A Calvin and Hobbes and Charlie Brown Christmas
The Europeans prefer to celebrate Christmas with small trees about four feet in height. Americans, on the other hand, liked their Christmas Trees to be tall, reaching from the floor to ceiling. The Christmas tree has become a popular homely element in cartoons and movies. Calvin wishes to have a huge Christmas tree dreaming eagerly about all the loot that would fit under it. He writes a poem about Christmas which goes “…the Christmas tree, is decorated festively. With tiny dots of coloured light, that cosy up this winter night.”

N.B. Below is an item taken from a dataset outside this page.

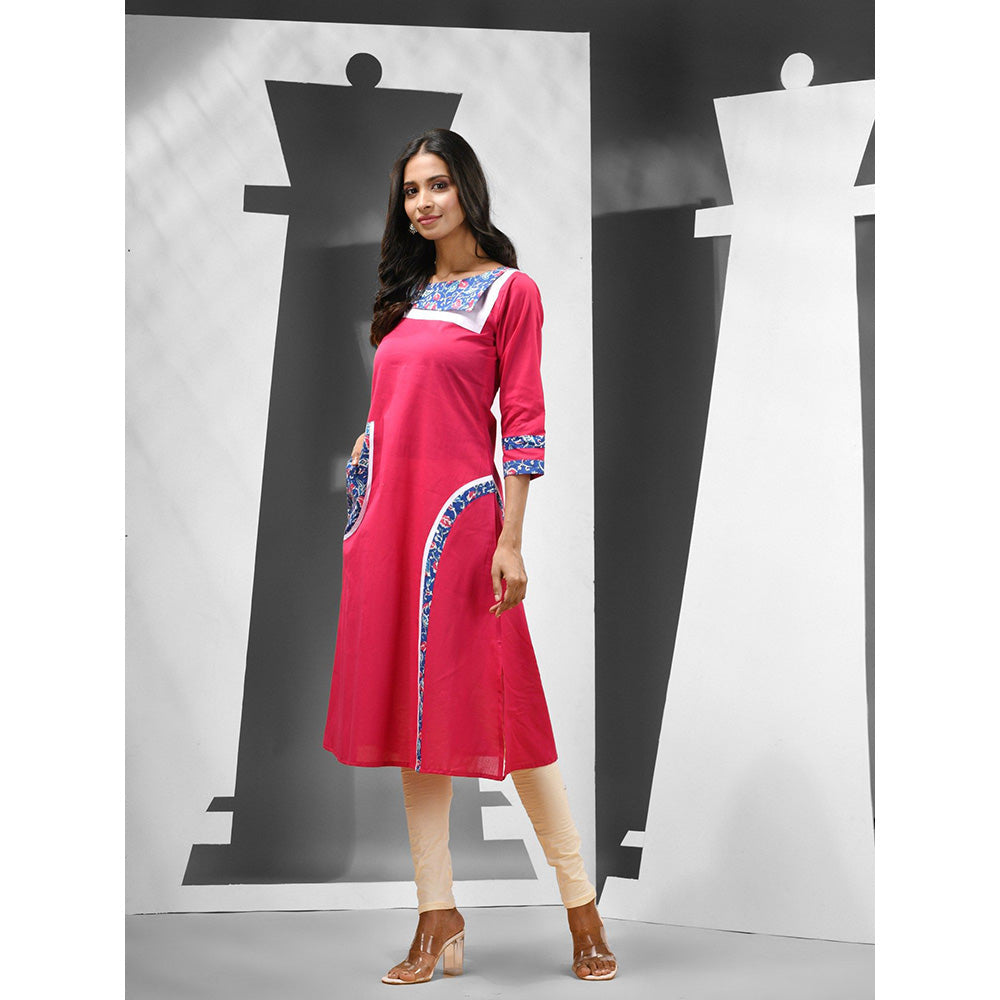 CHARUKRITI Shocking Pink Cotton Printed Patchwork Kurta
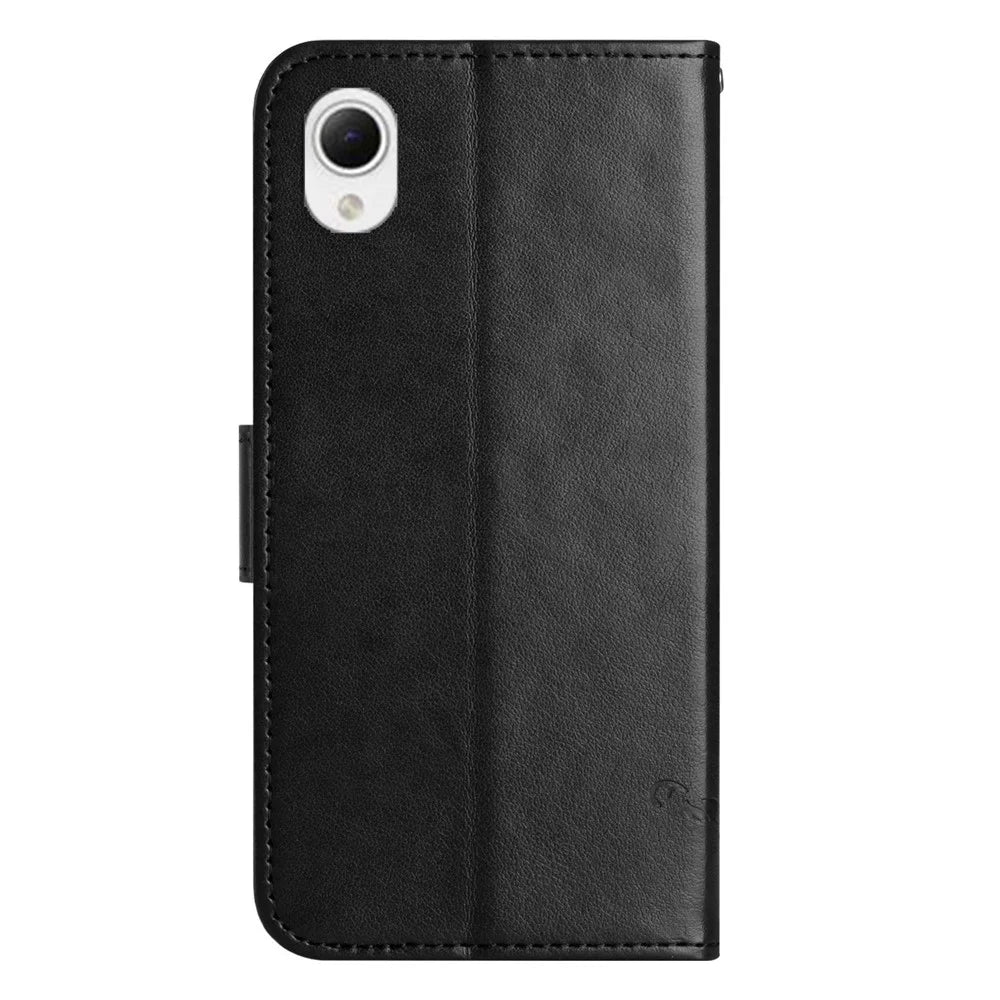 Phone Case for Samsung Galaxy A23e / A23S, Butterfly Flower Imprinted PU Leather Anti-scratch Phone Cover Wallet Stand with Strap - Black - 5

Even the adorable Charlie Brown from Peanuts teaches us a valuable Christmas lesson, where he gives up a large aluminium for a tiny, sparse-foliaged sapling, saying “I won’t let commercialisation ruin my Christmas. I will take this little tree home and decorate it. And it will work.” The Christmas tree continues to bring joy into the lives of millions of people as an eternal beacon of hope.